Ben de kırılmıştım nerdeyse kesintisiz bir buçuk saat ağladim. Arda'ya çok sinirliydim neden böyle bişey yapmıştı ki? Arda yanıma geldi bir bardak su verdi bir yudum alınca ani bir kararla geri kalan suyu başından aşağıya döktüm. Bana sinirli bir şekilde baktı ben de karşılık verdim. Bana baktı ve "Sevgilim olur musun?" Diye sordu. Ona ağlamaktan kızarmış gözlerle baktım elimi kaldırıp sert bir tokat attım ve ona küfürler ettim. Elif beni bir yandan sakinleştirmeye calişsa da başaramadı. Bir süre sonra sakinlestim ve Arda konuştu
"Senin söylediğin bütün küfürleri ses kaydına aldım bana söylediğin bütün küfürler nerdeyse bir suçtur. Yani anlayacağın ya benle sevgili ol ya da polise gidersin seç birini"
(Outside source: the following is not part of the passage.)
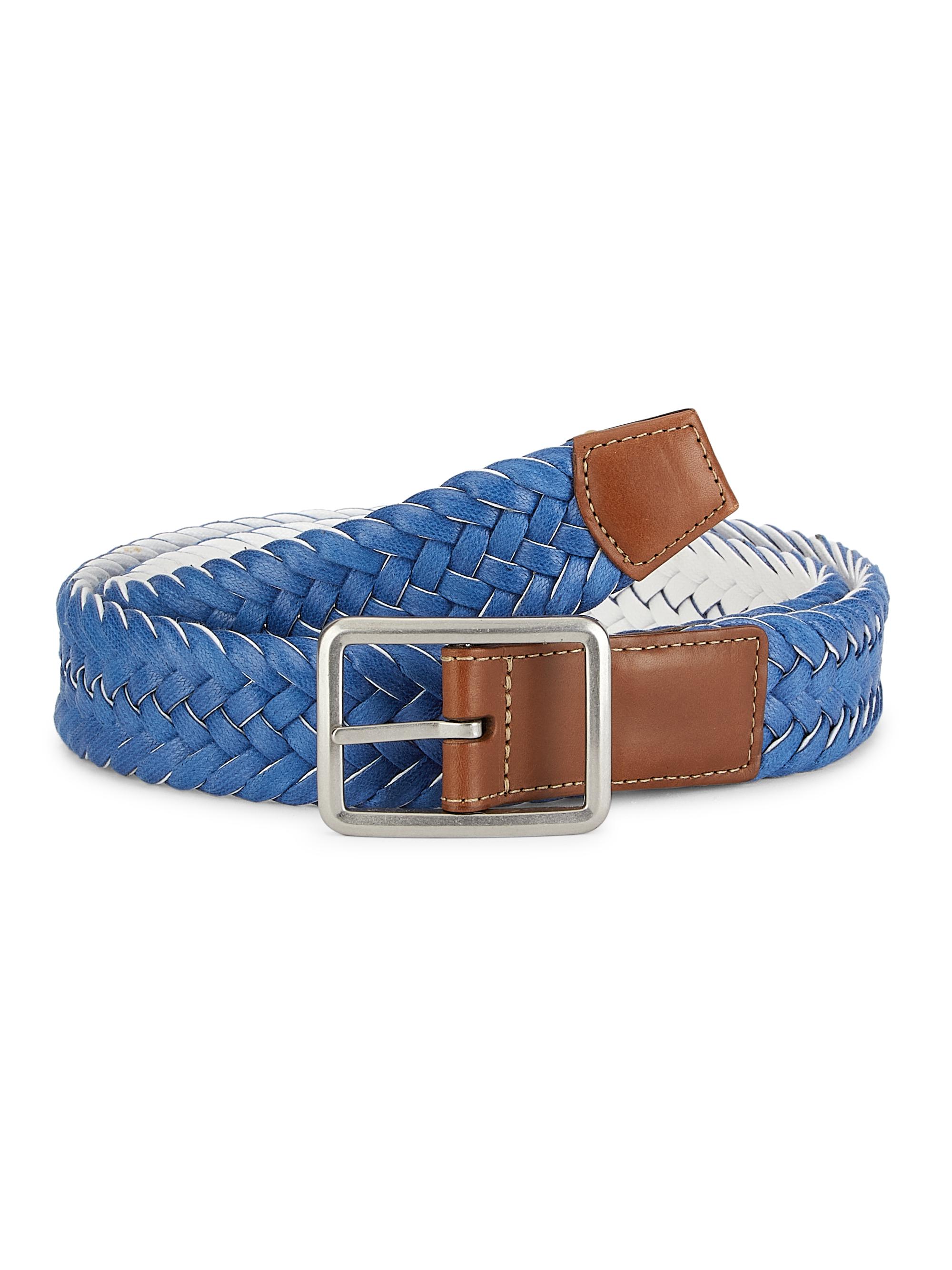 Saks Fifth Avenue Men's COLLECTION Reversible Woven Belt - Cobalt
"T-tamam s-sevgili olalım"
Arda gitti. Ağlamaya başladım hem Burak'dan ayrıldığım için hem de Arda'yla sevgili olduğum için.
Biraz sakinleştikten sonra hava almak için odadan çıkmayı denedim. Oda kilitli değildi. Evin içene baktım ev iki katlıydı. Elif'le beraber alt kata indik. Mutfaktan sesler geldiği için mutfağa ilerledik. Arda ve Ege'nin üstünde birşey yok, altlarında şort vardı. Arda beni fark etti.
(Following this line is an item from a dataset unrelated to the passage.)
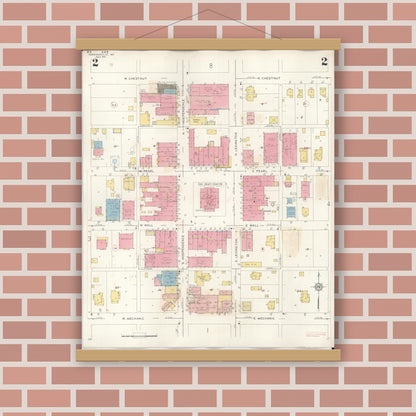 Old map wall art mockup — magnetic wood frame on brick wall — Sanborn Fire Insurance Map from Harrisonville, Cass County, Missouri (1939), Sheet #0002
"Ooo birileri odadan cikabilmis naber güzellik?"
"İ-iyiyim" desem de gözlerim böyle demiyordu
"Emin misin? Gözler yalan söylemez"
"A-aslında pek iyi değilim hava almam gerekiyor"
"Dışarı çıkmaya ne dersin?"
"P-peki"
Dışarı çıktık yakınlarda bir sahil vardı oraya doğru yürürken... Burak, Burak'ı gördüm gidip ona sarılmak istiyordum ama Arda'nın elini bırakamamıştım... Burak'la göz göze geldik. Gözlerim doldu.
"Arda a-aslında b-bu kadar yürüyüş yeter e-eve dönelim mi?"
"Sen nasıl istersen prenses" dedi ve Burak'la göz göze geldiler
"Zeynep şu adami tanıyor musun? bana bir yerden tanıdık geliyor"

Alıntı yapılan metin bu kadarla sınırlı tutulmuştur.